Jumat, H / 29 Maret 2024

Menjadi Pusat Perhatian

Rabu 27 Sep 2023 17:15 WIB

Author :M. Nurroziqi

ilustrasi.

Foto: -


ESQNews.id - "Kita tidak bisa memaksa orang lain untuk memahami diri kita. Yang kita bisa adalah memaksa diri kita sendiri untuk memahami orang lain." (Aa Gym).


Di setiap interaksi, lebih-lebih kepada sesama manusia, bisa saling memahami adalah sikap penting di dalam menjaga kemesraan yang rukun. Sedang, kesanggupan untuk saling memahami ini, harus termulai dari pribadi masing-masing. Dan, munculnya ketidakharmonisan di antara sesama, terjadinya pertikaian dan permusuhan, serta semakin tingginya rasa amarah yang ada, adalah efek buruk dari ketidakmampuan memahami dan menguasai diri sendiri demi bisa memahami sesama umat manusia. Ini, semakin parah, ketika di dalam diri tumbuh nafsu ingin menang sendiri, ingin dipuja sesama, selalu ingin di depan dan paling berkuasa.


Sebenarnya, jika masing-masing diri mau dan berani menjadikan diri sebagai pusat perbaikan. Apa pun dan bagaimana pun saja yang terjadi atau hendak dikerjakan, dikembalikan dulu di dalam diri, maka bisa dengan ringan memahami sesama dan merajut bahagia dalam kemesraan yang indah. Jangankan bermusuhan, saling curiga dan berprasangka buruk saja, tidak akan pernah ada.


Menjadikan diri sebagai pusat perbaikan. Mengembalikan segala sesuatu ke dalam diri terlebih dahulu. Prakteknya, ketika misalkan dalam pandangan kita selalu menilai orang lain sebagai yang tidak baik, maka segeralah berinstrospeksi, jangan-jangan semua itu lantaran ada perasaan sombong di dalam diri, merasa sebagai yang sudah paling baik di antara semua. Bukan orang lain yang terlalu pendiam, tetapi diri sendirilah yang ternyata bermulut banyak. Bukan orang lain yang pelit, mungkin diri sendirilah yang merasa paling dermawan. Bukan orang lain yang sombong, jangan-jangan keangkuhan itu justru ada di dalam diri sendiri, berpenyakit merasa sebagai yang paling rendah hati. Dari itu, memberikan penilaian tidak baik kepada orang lain bukanlah sesuatu yang dibenarkan di dalam agama.

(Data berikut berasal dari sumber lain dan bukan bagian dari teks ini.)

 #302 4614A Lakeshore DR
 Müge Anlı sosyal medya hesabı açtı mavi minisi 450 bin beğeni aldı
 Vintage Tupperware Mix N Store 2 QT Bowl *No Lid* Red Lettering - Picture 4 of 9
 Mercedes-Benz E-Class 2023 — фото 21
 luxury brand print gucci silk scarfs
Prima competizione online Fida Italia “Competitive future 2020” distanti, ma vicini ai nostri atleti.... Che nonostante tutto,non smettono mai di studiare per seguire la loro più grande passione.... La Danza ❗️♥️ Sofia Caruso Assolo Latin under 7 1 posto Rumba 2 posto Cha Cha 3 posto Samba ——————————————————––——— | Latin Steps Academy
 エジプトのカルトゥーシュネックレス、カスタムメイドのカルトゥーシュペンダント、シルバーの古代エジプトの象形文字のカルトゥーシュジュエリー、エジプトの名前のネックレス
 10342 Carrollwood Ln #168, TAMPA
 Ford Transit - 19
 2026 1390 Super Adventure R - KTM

Selalu memandang tidak baik kepada sesama, rajin memungut ketidakbaikan atas kehidupan semua, adalah karakter diri yang terbentuk dari sampah-sampah iri dengki dan kesombongan yang menumpuk menjadi penyakit ganas di dalam hati. Secara fisik, memang terlihat sehat bugar. Tetapi, secara batin mengundang rasa kasihan. Sebab, kalau sudah menjadi karakter, akan sangat sulit dirubah dan diperbaiki. Makanya, tidak mengherankan jika terdapat ungkapan, "Jika ada berita tentang gunung berpindah tempat, percayalah. Tetapi, jika terdapat kabar tentang berubahnya karakter seseorang, jangan  begitu saja percaya."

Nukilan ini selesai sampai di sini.